• [Information shown]
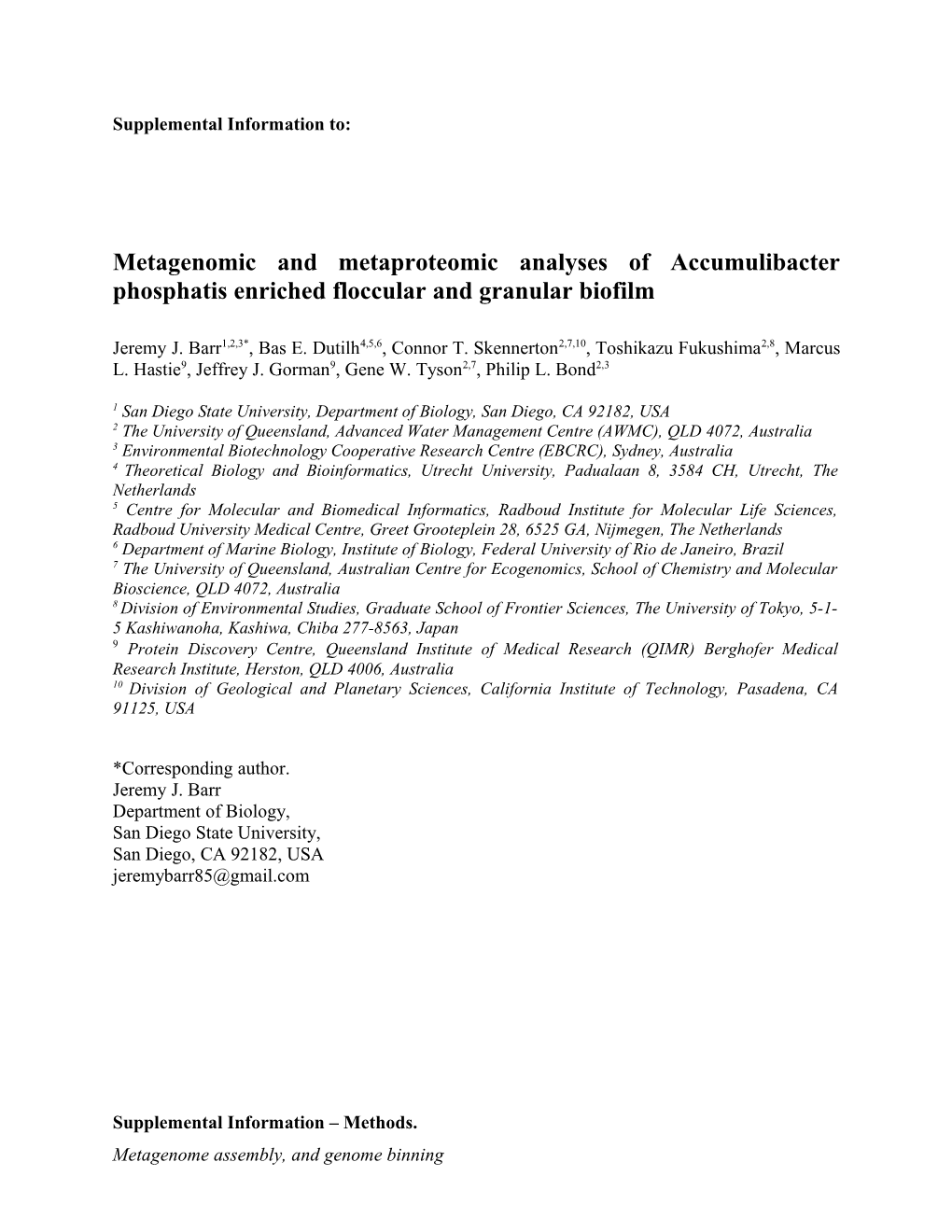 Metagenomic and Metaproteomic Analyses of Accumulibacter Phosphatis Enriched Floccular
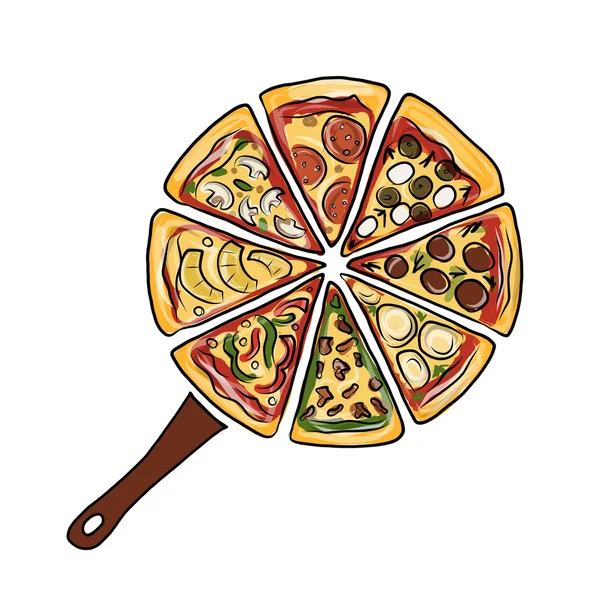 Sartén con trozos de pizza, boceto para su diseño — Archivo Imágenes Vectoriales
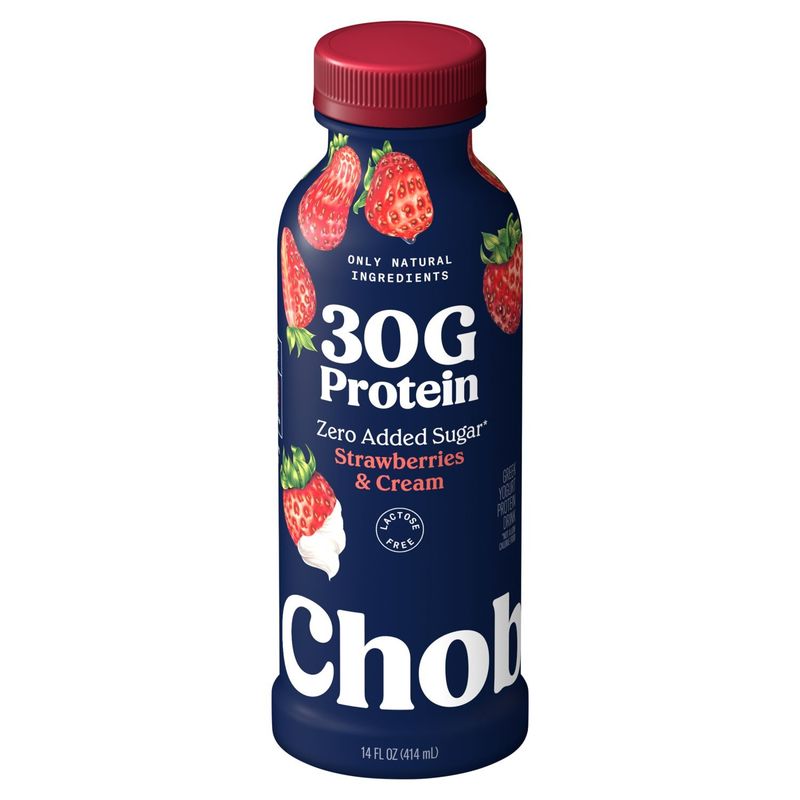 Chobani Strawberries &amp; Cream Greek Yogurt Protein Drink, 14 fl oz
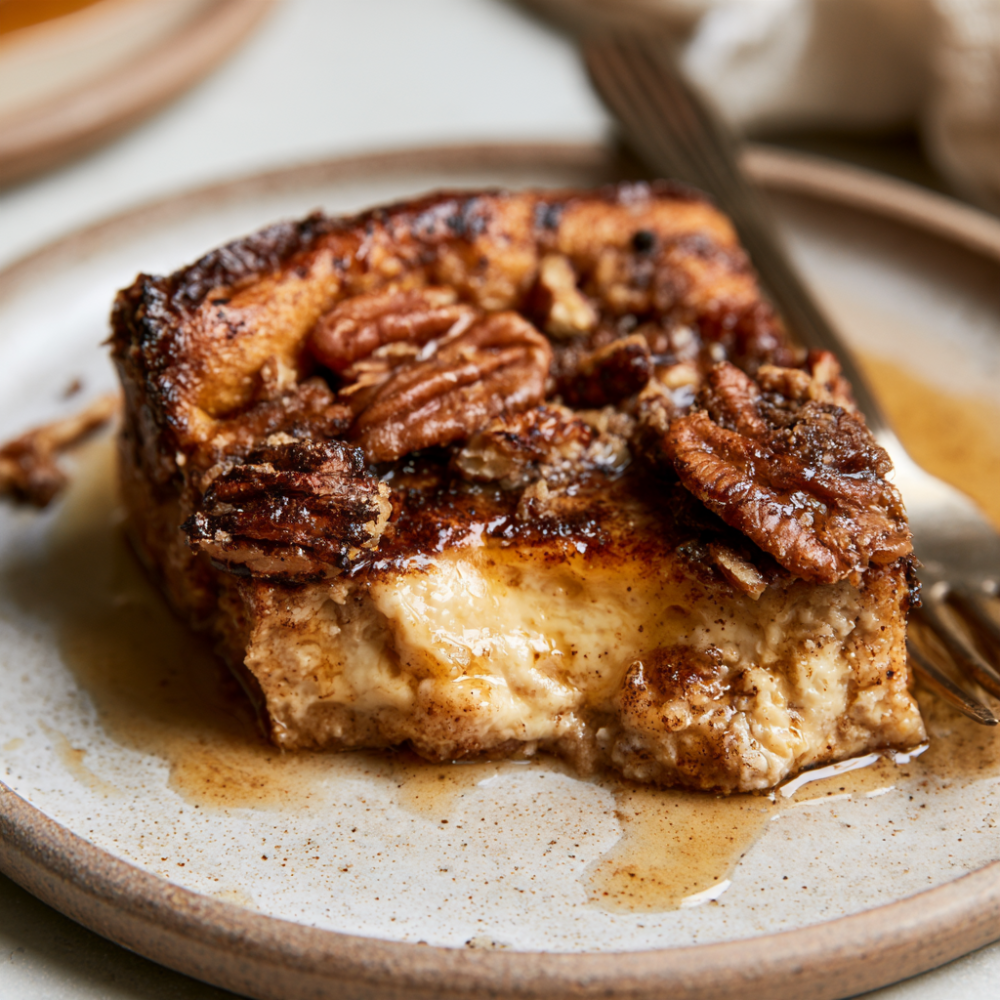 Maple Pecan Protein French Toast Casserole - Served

• [Activity] Reproduce the listing exactly, images omitted.

• [Answer to this task]
 Metagenomic and Metaproteomic Analyses of Accumulibacter Phosphatis Enriched Floccular
 Sartén con trozos de pizza, boceto para su diseño — Archivo Imágenes Vectoriales
 Chobani Strawberries &amp; Cream Greek Yogurt Protein Drink, 14 fl oz
 Maple Pecan Protein French Toast Casserole - Served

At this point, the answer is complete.